▸ Your goal
Everything in the listing should be copied exactly, save for the pictures.

▸ Provided data
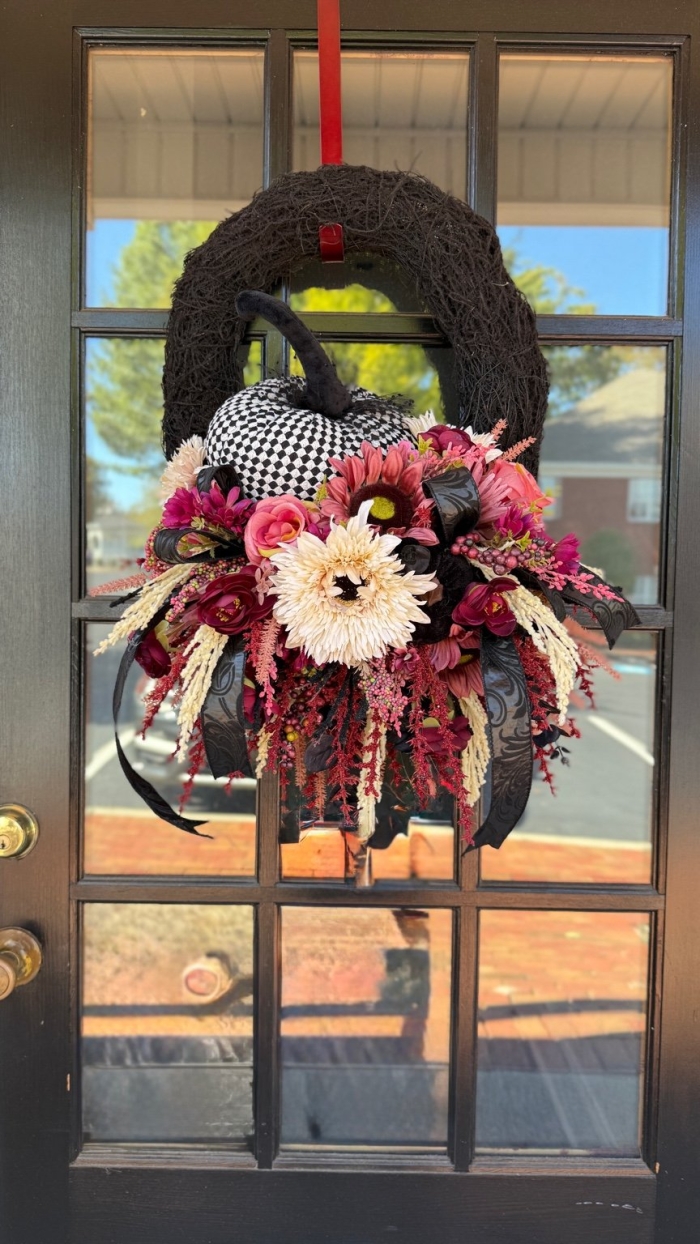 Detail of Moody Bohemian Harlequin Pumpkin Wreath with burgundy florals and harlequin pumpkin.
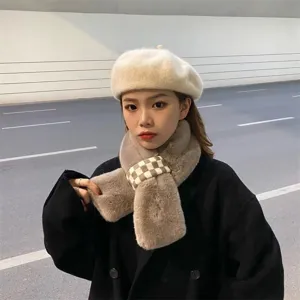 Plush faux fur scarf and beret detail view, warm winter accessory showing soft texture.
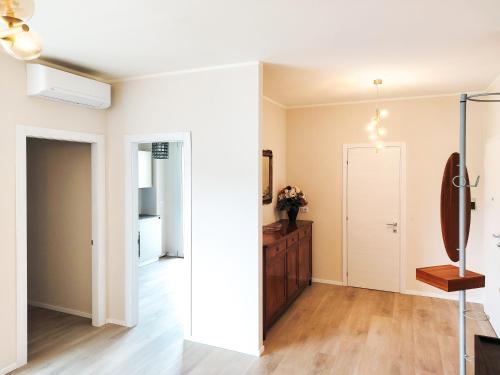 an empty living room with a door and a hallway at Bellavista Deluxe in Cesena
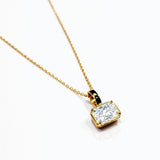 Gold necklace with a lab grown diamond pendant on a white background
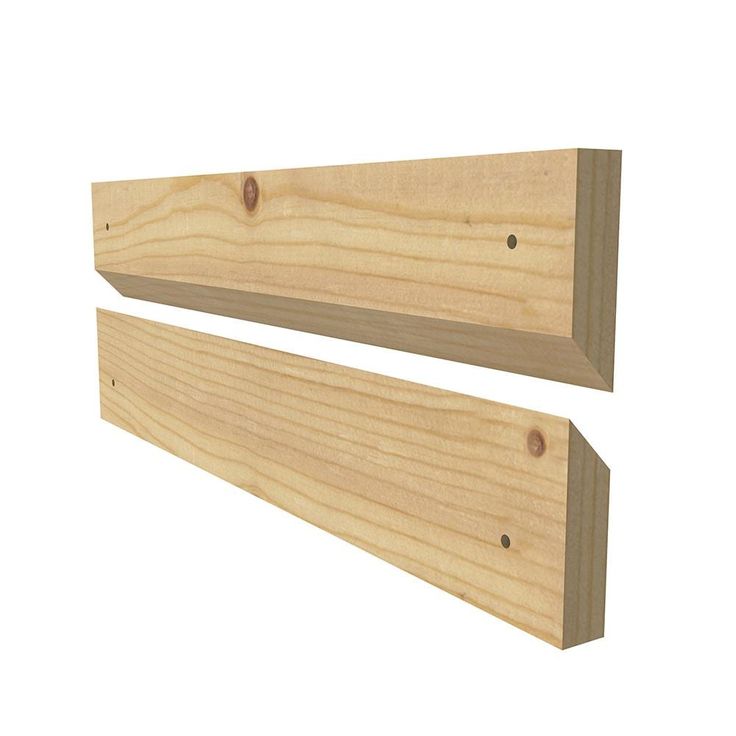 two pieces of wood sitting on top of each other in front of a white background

▸ Response to this exercise
 Detail of Moody Bohemian Harlequin Pumpkin Wreath with burgundy florals and harlequin pumpkin.
 Plush faux fur scarf and beret detail view, warm winter accessory showing soft texture.
 an empty living room with a door and a hallway at Bellavista Deluxe in Cesena
 Gold necklace with a lab grown diamond pendant on a white background
 two pieces of wood sitting on top of each other in front of a white background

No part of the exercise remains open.